されるがままの三初はそっぽを向くが、今回ばかりは自分にもこいつにも腹が立って、手を出さずにはいられない。
「もっとわかりやすく弱れ、タコ」
「いて」
もう一度パシッ、と頭を叩いて熱い体を転がし、背中側も拭いてやる。
居心地悪そうに黙る三初には見えない背後へ回り、苦虫を噛み潰して湧き上がる苛立ちを抑えた。
俺が不満を感じるわけは、三初がすぐ近くにいた俺に、頼らなかったからだ。
高熱を出した体は気だるく重く、当たり前に扱いに苦労する。
メシも食ってないんだ。血圧の低いこいつが無理に立ったところで、どの道立ちくらんで倒れる。俺にバレずに這いつくばって寝室に辿り着けるわけもなく。だからあぁしていた。
「……普通に、ちょっと来てくれって、呼べばよかったじゃねぇか」
力を入れすぎないように背中を拭いてやりながら、肩を押さえる手のザワつきから視線を逸らす。

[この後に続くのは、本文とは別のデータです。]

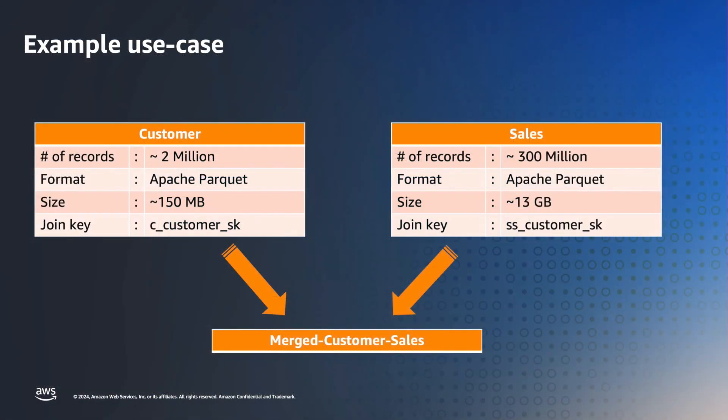Let us transition to a practical example that shows how debugging and performance tuning work hand-in-hand for Glue jobs. For that, I have two simulated data sets, customers and sales. Both of these data sets are in parquet format. The customer data set contains about 2 million records, and the sales data set contains approximately 300 million records. We will join these data sets and write the results back to S3.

「憎まれ口しか叩かねぇ口なら捨てちまえ。俺には、ベッドよりデスクの寝心地がいいとは思えねぇな」
「そう拗ねないでくださいよ」
腕で目元を隠したまま返される三初のぼやきに、なにも言えず、ぬるくなったタオルをお湯で洗って絞った。
拗ねてるってのは当たってる。
恋人で、年上で、先輩な俺に頼りがいがないのかって、そういう気分だ。
けれど不満の矛先に自分が含まれるわけは、俺は三初が風邪をひいているのを気がつかなかった、という事実。
もちろん普通に考えて気づけない状況だったということもわかっているが、そう現実的な理屈じゃない。
(……三初は俺が風邪を引いた時、言ってなくても気づいてくれたのによ……)
勝負事ではないけれど、俺も、三初に気がついてやりたかった。
ちょっとだけ、罪悪感がある。
こいつは付き合う前のただの先輩に過ぎなかった俺が看病を突っぱねても、自ら戻ってくるような男だから、だ。